Chaque vapeur avait un nombre limité de cabines de luxe qui étaient mises à la disposition des voyageurs moyennant un supplément de 250 francs par cabine. Certains vapeurs avaient des cabines de demi-luxe et des cabines à un lit. Le supplément à payer pour l’usage de celles-ci était respectivement de 175 et 100 francs par cabine. Les prix de passage comprenaient la nourriture. Chaque passager de la première et de la seconde classe avait droit en plus à deux bouteilles de bière, ou de lait, ou d’eau minérale ou bien à une bouteille de vin ordinaire par jour ; chaque voyageur de la troisième classe avait droit  à la moitié de cette ration journalière. Il était formellement défendu aux passagers d’apporter à bord toutes boissons pour être consommées pendant le voyage au cours duquel, si nécessaire, un médecin diplômé leur prodiguait gratuitement soins médicaux et médications.
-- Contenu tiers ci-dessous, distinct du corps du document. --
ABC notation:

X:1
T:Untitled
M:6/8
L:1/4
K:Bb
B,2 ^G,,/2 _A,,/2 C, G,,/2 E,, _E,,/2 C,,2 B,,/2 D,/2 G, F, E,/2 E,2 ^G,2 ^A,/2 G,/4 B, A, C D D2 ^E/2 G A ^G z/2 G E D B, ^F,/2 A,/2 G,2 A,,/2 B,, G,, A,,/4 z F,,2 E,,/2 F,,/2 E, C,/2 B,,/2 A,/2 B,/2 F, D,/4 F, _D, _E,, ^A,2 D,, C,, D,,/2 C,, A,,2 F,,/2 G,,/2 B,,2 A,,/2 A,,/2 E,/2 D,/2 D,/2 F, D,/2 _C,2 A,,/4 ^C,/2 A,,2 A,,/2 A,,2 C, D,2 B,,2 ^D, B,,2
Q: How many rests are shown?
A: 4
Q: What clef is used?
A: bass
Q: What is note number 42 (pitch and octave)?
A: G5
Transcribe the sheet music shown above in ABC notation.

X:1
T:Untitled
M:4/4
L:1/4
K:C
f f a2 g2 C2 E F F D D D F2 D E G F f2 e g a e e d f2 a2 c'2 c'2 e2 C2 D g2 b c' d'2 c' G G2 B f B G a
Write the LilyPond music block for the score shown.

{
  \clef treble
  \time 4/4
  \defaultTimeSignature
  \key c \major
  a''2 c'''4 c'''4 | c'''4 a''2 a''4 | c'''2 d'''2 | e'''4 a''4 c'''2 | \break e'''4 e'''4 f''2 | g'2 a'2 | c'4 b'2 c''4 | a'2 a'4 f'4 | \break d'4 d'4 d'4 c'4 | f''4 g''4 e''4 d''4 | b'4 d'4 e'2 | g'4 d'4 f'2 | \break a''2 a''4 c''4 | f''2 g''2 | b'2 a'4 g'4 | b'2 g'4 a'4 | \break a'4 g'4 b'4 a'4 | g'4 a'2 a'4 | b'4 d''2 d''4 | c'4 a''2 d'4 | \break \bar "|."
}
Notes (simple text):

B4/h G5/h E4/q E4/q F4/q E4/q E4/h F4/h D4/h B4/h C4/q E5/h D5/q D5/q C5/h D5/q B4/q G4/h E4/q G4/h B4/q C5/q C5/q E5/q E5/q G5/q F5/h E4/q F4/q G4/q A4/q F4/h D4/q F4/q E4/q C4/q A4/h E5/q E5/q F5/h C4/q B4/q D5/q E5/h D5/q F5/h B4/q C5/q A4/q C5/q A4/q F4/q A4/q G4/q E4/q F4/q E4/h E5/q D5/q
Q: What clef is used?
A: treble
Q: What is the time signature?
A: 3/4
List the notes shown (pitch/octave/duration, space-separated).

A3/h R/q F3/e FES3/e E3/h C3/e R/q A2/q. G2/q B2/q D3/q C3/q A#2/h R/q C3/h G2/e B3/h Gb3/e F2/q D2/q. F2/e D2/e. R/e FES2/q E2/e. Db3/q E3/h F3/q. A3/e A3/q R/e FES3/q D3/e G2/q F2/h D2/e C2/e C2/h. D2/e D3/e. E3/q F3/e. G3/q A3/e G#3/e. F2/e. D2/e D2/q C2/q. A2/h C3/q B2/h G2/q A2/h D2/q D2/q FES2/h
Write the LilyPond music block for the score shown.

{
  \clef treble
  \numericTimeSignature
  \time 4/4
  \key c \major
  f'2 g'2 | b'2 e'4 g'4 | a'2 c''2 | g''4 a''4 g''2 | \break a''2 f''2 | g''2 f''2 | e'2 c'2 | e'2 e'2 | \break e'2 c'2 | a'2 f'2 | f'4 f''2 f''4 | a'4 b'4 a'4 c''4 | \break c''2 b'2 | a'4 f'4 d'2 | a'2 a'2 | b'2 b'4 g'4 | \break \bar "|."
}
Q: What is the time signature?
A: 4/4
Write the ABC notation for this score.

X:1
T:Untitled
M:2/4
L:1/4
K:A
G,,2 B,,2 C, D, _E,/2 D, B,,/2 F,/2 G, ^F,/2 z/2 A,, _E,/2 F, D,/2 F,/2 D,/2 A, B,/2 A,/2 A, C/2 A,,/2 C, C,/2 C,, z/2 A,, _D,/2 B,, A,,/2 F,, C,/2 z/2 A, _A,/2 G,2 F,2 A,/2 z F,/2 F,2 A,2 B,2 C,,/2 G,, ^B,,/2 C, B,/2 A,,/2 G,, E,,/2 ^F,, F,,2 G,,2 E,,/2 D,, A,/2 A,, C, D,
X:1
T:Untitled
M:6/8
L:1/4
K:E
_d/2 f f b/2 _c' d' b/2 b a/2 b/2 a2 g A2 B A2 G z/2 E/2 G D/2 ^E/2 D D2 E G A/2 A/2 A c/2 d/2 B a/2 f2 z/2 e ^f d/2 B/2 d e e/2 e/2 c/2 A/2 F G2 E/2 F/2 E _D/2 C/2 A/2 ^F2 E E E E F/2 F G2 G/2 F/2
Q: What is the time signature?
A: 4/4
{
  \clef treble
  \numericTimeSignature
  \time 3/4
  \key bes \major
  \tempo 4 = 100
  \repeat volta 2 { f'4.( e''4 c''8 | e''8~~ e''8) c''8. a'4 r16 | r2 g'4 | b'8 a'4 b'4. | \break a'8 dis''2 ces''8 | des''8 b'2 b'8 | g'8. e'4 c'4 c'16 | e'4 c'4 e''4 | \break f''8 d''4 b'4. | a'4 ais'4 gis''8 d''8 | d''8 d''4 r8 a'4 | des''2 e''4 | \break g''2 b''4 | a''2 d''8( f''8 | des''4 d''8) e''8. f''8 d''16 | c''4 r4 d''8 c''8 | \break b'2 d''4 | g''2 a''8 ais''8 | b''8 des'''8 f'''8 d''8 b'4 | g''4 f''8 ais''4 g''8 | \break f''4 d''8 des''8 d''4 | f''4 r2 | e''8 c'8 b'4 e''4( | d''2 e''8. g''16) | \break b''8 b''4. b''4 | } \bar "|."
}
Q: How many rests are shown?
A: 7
Chaque passager adulte avait droit au transport gratuit de 500 kilos de bagages personnels dont le volume ne pouvait dépasser un demi mètre cube ; l’excédent étant calculé au tarif en vigueur du fret.
Les premiers voyageurs  étaient des militaires, des religieux missionnaires, des médecins, des employés de la Compagnie du Chemin de fer ou des magistrats qui enduraient gros roulis et tangage (le Philippeville par exemple ne jaugeait que 4.000 tonnes). Mais l’enthousiasme et le goût de l’aventure leur permettaient de supporter le manque de confort et l’absence de leur épouse et de leur famille. Depuis cette époque héroïque, La C.M.B.C appelée aujourd’hui C.M.B., a développé régulièrement son trafic vers l’Afrique au départ d’Anvers avec le Congo comme destination privilégiée.

Les missions d’études à buts scientifiques ou économiques.

Parallèlement à la lutte antiesclavagiste, l’étude scientifique de l’Afrique Centrale fut un des objectifs de l’Association Internationale Africaine, relayée plus tard par l’Association Internationale du Congo.

Dès 1877, un botaniste belge, le Docteur Maes, accompagne l’expédition Crespel dans la perspective d’étudier la flore du Congo. La mort prématurée de ce scientifique reportera cette étude de quelques années et en 1893, le professeur Emile Laurent de l’Institut Agronomique de Gembloux jettera les bases de cet important travail qui continue d’ailleurs encore aujourd’hui.

L’enthousiasme d’Emile Laurent suscita d’autres vocations ; notamment celle de son neveu Marcel Laurent, celle d’Alfred Dewevre, du Révérend Frère Gillet qui créa un jardin botanique à Kisangani ou encore celle d’Edmond Luja et d’Emile Duchesne qui collectionnèrent surtout des plantes ornementales. Des dizaines de botanistes contribuèrent à enrichir les collections botaniques du Musée de Tervueren, celles qui furent transférées plus tard au Jardin Botanique de Bruxelles et plus récemment à Meise. A la naissance de l’Etat Indépendant du Congo on connaissait 854 espèces de plantes phanérogames essentiellement collectées par des étrangers. En 1908, au terme de l’Etat Indépendant du Congo, on aura inventorié et déterminé 3.546 espèces de phanérogames, et 785 espèces de cryptogames soit un total de 4.311 espèces.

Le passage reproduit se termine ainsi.